• _Exercise directions_
In the records that follow, the lines from the one containing "Berol Dry Wipe" to the one containing "jejeloiu Bowknot Comforter", inclusive, are to be given again exactly.

• _Data for the task_
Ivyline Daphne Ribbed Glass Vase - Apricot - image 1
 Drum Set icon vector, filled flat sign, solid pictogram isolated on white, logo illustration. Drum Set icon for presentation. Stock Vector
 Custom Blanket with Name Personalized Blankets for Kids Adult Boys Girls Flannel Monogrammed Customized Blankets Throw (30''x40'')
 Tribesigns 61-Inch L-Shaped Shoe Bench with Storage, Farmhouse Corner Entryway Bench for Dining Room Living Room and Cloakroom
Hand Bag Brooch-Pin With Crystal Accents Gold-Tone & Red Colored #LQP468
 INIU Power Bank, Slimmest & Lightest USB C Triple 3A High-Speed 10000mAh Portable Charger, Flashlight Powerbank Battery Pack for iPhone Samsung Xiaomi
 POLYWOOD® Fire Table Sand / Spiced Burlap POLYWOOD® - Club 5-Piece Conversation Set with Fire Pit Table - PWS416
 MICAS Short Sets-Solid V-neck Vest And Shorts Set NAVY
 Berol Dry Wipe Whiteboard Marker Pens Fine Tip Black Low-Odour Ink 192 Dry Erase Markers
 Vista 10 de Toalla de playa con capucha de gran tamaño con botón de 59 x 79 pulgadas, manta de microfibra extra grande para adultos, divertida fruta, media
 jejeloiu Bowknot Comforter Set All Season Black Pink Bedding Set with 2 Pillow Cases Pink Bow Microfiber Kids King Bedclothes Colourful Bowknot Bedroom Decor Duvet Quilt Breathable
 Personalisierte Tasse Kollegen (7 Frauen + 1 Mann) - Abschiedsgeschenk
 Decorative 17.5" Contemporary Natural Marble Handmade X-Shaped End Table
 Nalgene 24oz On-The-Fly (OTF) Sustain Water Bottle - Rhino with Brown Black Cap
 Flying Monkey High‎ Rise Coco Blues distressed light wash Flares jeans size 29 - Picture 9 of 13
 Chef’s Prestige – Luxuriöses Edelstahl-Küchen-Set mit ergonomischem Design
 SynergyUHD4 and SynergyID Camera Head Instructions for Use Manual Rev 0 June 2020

• _Answer space_
 Berol Dry Wipe Whiteboard Marker Pens Fine Tip Black Low-Odour Ink 192 Dry Erase Markers
 Vista 10 de Toalla de playa con capucha de gran tamaño con botón de 59 x 79 pulgadas, manta de microfibra extra grande para adultos, divertida fruta, media
 jejeloiu Bowknot Comforter Set All Season Black Pink Bedding Set with 2 Pillow Cases Pink Bow Microfiber Kids King Bedclothes Colourful Bowknot Bedroom Decor Duvet Quilt Breathable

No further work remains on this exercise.